▶ [TO DO]: Once the line with "Gradual Change Love" is found in the entries below, print it and each following line exactly, stopping after the line with "Nike Dunk High"; print nothing else.

▶ [SUPPLIED MATERIAL]:
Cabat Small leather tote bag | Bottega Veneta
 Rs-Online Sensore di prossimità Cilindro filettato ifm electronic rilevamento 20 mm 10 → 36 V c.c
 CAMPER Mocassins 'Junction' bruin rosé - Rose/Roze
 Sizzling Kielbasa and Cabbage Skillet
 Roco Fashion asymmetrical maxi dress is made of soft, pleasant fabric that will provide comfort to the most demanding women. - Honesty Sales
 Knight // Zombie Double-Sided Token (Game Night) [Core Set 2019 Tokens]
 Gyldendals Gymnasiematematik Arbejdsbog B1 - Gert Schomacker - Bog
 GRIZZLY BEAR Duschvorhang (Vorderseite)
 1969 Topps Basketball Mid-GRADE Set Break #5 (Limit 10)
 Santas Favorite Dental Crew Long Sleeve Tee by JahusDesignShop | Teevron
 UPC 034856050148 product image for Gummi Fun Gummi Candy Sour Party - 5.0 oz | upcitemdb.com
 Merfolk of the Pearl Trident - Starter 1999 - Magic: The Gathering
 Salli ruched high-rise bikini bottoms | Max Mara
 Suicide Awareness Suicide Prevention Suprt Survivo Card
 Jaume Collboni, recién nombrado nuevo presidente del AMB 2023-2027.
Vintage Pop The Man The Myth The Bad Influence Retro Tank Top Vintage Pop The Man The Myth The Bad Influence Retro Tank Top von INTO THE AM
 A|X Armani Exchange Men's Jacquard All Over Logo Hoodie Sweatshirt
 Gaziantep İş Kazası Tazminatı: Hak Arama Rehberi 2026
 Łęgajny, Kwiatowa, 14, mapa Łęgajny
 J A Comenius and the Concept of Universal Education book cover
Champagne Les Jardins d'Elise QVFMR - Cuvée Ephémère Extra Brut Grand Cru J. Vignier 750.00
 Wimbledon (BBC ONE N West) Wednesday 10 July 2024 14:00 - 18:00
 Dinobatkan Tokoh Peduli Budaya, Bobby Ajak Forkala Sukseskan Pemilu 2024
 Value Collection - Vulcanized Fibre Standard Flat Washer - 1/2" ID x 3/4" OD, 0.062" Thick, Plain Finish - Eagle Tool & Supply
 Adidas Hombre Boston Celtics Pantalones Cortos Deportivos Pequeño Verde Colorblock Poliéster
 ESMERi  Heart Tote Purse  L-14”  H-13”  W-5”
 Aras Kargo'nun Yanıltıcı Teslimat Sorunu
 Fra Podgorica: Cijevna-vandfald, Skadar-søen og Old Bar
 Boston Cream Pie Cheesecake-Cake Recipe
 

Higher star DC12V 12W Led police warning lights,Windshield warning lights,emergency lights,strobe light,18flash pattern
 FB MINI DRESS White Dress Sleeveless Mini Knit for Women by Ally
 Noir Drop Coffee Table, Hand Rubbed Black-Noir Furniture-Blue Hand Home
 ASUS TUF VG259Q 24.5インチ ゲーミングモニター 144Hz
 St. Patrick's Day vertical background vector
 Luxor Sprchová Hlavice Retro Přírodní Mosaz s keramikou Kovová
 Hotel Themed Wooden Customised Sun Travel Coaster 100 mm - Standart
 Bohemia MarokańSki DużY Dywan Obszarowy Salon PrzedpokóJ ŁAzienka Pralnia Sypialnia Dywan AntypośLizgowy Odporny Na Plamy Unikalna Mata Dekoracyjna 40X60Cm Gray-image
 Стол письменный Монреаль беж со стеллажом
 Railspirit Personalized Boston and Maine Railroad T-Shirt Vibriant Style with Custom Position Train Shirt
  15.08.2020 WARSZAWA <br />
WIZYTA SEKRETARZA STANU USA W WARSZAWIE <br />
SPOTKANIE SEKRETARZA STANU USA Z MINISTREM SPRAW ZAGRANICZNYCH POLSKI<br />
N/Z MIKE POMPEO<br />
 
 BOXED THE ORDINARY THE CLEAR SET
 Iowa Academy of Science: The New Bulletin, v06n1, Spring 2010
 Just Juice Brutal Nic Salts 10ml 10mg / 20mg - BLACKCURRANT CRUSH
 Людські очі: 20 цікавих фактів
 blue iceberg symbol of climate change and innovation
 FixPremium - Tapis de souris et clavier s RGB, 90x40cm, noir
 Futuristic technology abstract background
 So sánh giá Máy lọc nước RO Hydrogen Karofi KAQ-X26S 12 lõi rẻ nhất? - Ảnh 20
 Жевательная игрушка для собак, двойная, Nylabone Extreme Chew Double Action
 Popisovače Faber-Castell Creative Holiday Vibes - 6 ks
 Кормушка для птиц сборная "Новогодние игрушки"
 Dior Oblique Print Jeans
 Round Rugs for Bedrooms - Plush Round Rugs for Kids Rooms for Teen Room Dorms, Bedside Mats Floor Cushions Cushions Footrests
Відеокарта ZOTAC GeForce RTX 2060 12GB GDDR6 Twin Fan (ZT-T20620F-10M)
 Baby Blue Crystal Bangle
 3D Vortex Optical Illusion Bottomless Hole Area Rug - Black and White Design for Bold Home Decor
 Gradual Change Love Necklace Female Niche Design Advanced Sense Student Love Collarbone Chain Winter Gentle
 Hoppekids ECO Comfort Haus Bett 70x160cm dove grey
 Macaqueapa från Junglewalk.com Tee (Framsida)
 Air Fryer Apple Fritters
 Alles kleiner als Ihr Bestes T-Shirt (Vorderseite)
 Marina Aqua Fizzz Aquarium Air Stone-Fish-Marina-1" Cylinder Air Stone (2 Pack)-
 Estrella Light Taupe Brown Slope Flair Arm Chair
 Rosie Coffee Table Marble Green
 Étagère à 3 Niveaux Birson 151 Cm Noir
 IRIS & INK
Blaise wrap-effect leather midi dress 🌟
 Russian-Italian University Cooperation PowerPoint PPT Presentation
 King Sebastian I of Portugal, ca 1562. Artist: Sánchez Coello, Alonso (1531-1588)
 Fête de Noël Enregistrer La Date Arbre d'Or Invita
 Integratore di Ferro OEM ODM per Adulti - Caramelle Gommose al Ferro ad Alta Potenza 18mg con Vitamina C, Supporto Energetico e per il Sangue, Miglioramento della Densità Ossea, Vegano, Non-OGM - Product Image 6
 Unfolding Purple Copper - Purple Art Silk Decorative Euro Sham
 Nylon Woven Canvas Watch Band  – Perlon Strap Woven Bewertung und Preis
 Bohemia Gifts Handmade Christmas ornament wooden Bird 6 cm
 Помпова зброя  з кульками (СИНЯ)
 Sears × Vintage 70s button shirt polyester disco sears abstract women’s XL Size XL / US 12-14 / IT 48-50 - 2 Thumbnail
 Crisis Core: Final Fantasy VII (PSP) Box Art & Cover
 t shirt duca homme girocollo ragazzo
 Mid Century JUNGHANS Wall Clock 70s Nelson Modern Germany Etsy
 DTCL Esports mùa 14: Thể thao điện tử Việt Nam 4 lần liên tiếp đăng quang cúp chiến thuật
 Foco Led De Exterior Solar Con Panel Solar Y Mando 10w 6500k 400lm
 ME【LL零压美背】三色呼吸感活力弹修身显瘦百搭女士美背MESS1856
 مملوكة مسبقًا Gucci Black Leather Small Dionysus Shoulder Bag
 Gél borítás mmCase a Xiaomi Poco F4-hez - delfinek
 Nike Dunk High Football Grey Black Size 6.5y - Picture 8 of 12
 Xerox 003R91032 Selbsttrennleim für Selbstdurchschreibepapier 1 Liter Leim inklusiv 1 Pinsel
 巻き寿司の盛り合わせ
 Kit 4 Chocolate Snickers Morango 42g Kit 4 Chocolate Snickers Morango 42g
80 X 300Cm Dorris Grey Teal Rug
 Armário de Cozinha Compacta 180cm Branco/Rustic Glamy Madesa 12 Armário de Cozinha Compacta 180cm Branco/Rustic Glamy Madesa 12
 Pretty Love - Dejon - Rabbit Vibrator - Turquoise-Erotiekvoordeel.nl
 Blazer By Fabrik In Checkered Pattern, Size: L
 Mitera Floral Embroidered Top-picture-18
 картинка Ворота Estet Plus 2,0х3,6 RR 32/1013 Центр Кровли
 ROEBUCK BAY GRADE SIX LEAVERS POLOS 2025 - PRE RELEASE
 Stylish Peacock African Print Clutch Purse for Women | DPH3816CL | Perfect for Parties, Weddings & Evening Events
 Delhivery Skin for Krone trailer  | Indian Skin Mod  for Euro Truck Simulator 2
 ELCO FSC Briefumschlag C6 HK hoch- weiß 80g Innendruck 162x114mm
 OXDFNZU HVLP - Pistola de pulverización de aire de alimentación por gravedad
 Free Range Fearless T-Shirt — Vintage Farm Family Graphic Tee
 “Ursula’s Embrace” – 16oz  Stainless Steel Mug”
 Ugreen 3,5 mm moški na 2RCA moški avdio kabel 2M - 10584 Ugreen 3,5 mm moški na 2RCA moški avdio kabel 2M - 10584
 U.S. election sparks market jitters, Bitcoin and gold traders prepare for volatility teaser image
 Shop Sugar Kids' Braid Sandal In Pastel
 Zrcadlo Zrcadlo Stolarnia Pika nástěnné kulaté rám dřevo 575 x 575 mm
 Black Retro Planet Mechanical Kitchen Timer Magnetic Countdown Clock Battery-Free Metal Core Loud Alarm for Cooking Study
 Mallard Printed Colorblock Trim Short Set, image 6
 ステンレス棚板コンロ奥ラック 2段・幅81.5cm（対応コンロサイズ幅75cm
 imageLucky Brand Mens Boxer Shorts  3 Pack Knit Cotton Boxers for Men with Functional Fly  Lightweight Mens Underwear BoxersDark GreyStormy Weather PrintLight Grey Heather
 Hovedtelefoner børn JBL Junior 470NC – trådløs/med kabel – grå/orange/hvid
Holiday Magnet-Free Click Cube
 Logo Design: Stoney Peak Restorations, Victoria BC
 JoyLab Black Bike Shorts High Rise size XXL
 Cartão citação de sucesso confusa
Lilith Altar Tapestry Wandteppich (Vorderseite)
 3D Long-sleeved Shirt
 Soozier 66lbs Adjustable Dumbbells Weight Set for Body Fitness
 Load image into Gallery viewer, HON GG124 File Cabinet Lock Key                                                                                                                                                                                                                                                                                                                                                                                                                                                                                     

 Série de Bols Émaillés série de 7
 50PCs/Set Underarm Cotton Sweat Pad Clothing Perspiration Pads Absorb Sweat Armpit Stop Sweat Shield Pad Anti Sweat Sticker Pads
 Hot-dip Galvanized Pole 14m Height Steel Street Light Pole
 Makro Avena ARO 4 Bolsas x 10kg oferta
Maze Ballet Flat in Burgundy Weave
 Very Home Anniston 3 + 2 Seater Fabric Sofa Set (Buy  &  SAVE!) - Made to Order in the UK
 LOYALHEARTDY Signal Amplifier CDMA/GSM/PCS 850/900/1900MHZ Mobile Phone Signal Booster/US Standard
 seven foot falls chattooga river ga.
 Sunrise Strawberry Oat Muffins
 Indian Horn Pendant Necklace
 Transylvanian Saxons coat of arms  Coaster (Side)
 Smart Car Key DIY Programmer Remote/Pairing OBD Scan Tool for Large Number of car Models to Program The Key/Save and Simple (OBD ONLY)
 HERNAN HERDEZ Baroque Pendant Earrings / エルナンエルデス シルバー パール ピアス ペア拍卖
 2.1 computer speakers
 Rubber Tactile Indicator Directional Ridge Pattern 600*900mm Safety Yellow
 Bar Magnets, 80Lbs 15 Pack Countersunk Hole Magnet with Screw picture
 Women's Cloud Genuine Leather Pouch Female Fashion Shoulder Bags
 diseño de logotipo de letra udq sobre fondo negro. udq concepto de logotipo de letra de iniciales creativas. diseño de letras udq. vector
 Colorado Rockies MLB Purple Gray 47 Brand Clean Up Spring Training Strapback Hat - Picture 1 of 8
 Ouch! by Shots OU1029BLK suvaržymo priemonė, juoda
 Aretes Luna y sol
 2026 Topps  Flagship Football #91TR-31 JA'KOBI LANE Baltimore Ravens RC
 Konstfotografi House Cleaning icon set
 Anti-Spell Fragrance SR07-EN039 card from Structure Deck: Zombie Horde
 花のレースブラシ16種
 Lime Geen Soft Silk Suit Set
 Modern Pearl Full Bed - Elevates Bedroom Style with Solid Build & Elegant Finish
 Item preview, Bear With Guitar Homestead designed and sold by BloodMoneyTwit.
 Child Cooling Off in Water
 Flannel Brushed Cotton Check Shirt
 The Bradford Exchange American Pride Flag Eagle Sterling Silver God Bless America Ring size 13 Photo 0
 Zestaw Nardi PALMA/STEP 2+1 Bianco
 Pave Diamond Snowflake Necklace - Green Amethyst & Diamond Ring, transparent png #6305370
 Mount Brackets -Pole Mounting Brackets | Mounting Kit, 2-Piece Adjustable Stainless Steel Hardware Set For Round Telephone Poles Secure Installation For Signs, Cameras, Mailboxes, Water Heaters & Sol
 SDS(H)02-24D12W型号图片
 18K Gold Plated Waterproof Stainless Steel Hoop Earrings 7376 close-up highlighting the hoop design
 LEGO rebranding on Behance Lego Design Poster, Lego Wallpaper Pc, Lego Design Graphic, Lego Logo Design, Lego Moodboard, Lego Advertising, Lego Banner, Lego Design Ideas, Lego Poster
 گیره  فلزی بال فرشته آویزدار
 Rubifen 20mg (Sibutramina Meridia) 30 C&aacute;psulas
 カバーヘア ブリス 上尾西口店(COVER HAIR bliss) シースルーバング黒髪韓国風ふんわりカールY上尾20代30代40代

▶ [ANSWER TO THIS PROBLEM]:
 Gradual Change Love Necklace Female Niche Design Advanced Sense Student Love Collarbone Chain Winter Gentle
 Hoppekids ECO Comfort Haus Bett 70x160cm dove grey
 Macaqueapa från Junglewalk.com Tee (Framsida)
 Air Fryer Apple Fritters
 Alles kleiner als Ihr Bestes T-Shirt (Vorderseite)
 Marina Aqua Fizzz Aquarium Air Stone-Fish-Marina-1" Cylinder Air Stone (2 Pack)-
 Estrella Light Taupe Brown Slope Flair Arm Chair
 Rosie Coffee Table Marble Green
 Étagère à 3 Niveaux Birson 151 Cm Noir
 IRIS & INK
Blaise wrap-effect leather midi dress 🌟
 Russian-Italian University Cooperation PowerPoint PPT Presentation
 King Sebastian I of Portugal, ca 1562. Artist: Sánchez Coello, Alonso (1531-1588)
 Fête de Noël Enregistrer La Date Arbre d'Or Invita
 Integratore di Ferro OEM ODM per Adulti - Caramelle Gommose al Ferro ad Alta Potenza 18mg con Vitamina C, Supporto Energetico e per il Sangue, Miglioramento della Densità Ossea, Vegano, Non-OGM - Product Image 6
 Unfolding Purple Copper - Purple Art Silk Decorative Euro Sham
 Nylon Woven Canvas Watch Band  – Perlon Strap Woven Bewertung und Preis
 Bohemia Gifts Handmade Christmas ornament wooden Bird 6 cm
 Помпова зброя  з кульками (СИНЯ)
 Sears × Vintage 70s button shirt polyester disco sears abstract women’s XL Size XL / US 12-14 / IT 48-50 - 2 Thumbnail
 Crisis Core: Final Fantasy VII (PSP) Box Art & Cover
 t shirt duca homme girocollo ragazzo
 Mid Century JUNGHANS Wall Clock 70s Nelson Modern Germany Etsy
 DTCL Esports mùa 14: Thể thao điện tử Việt Nam 4 lần liên tiếp đăng quang cúp chiến thuật
 Foco Led De Exterior Solar Con Panel Solar Y Mando 10w 6500k 400lm
 ME【LL零压美背】三色呼吸感活力弹修身显瘦百搭女士美背MESS1856
 مملوكة مسبقًا Gucci Black Leather Small Dionysus Shoulder Bag
 Gél borítás mmCase a Xiaomi Poco F4-hez - delfinek
 Nike Dunk High Football Grey Black Size 6.5y - Picture 8 of 12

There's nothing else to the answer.